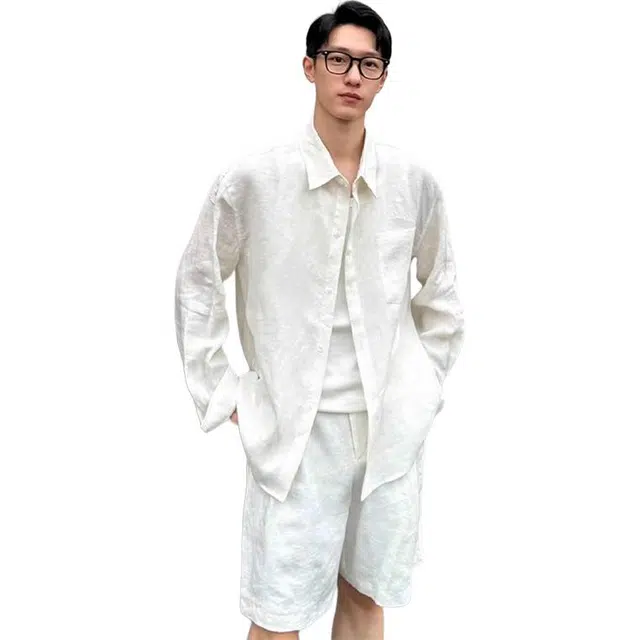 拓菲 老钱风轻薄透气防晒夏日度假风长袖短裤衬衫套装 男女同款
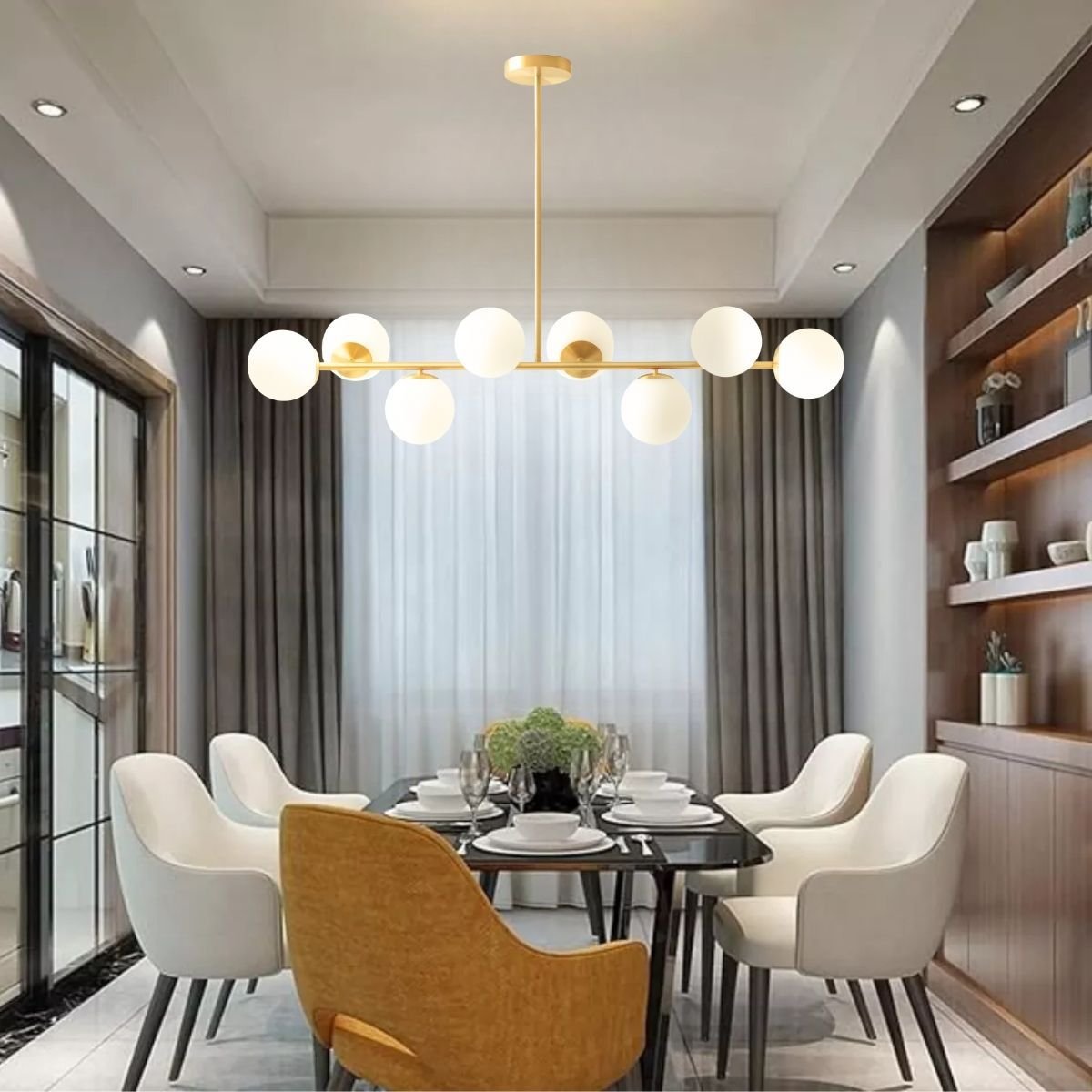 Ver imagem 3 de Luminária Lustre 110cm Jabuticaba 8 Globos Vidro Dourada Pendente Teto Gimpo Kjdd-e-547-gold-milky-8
=-=-=
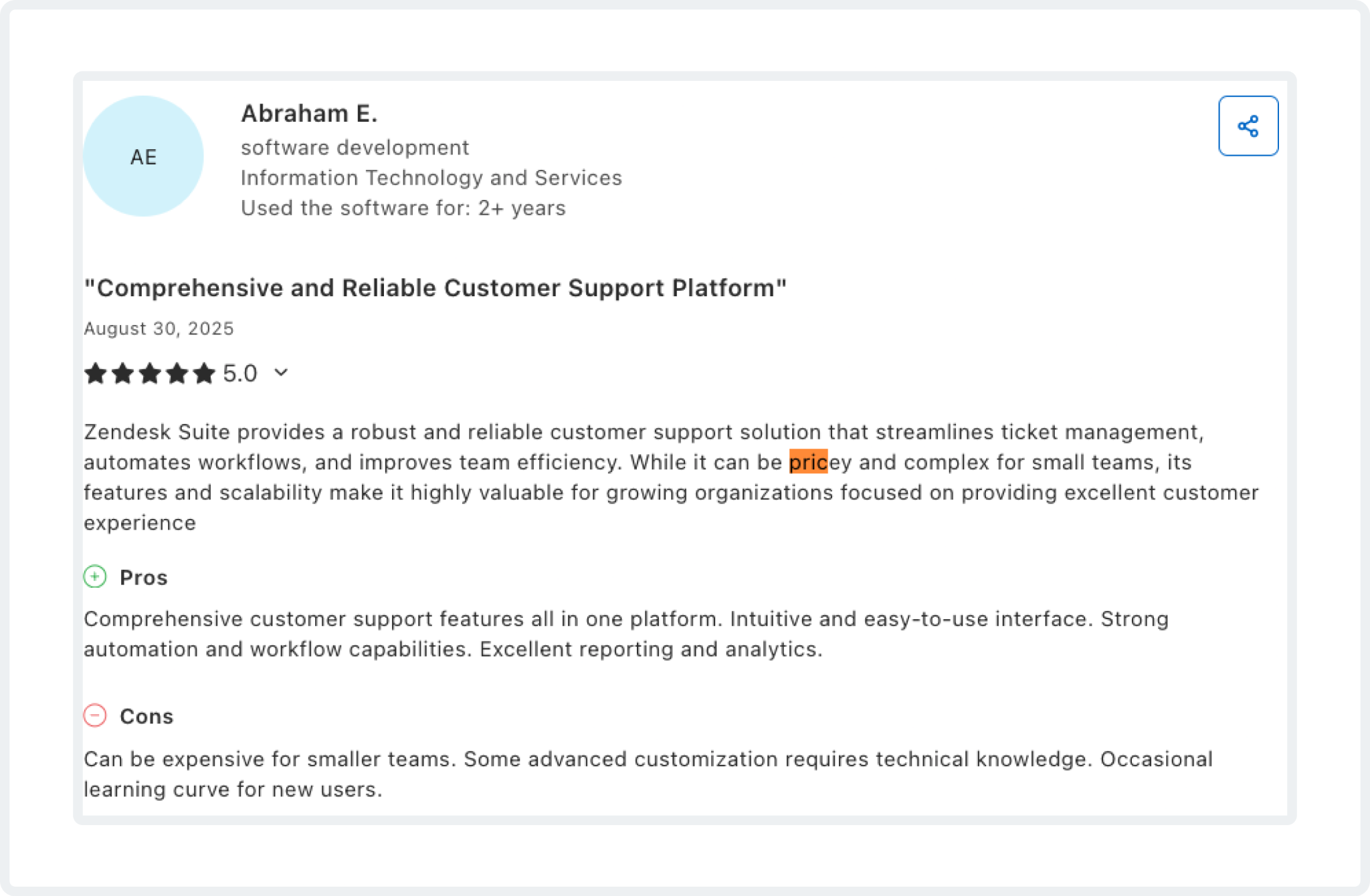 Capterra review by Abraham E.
=-=-=
§ Problem details: Return exactly the lines above, from the one with "拓菲 老钱风轻薄透气防晒夏日度假风长袖短裤衬衫套装 男女同款" up to and including the one with "Ver imagem 3", and include no pictures.

§ Response below:
 拓菲 老钱风轻薄透气防晒夏日度假风长袖短裤衬衫套装 男女同款
 Ver imagem 3 de Luminária Lustre 110cm Jabuticaba 8 Globos Vidro Dourada Pendente Teto Gimpo Kjdd-e-547-gold-milky-8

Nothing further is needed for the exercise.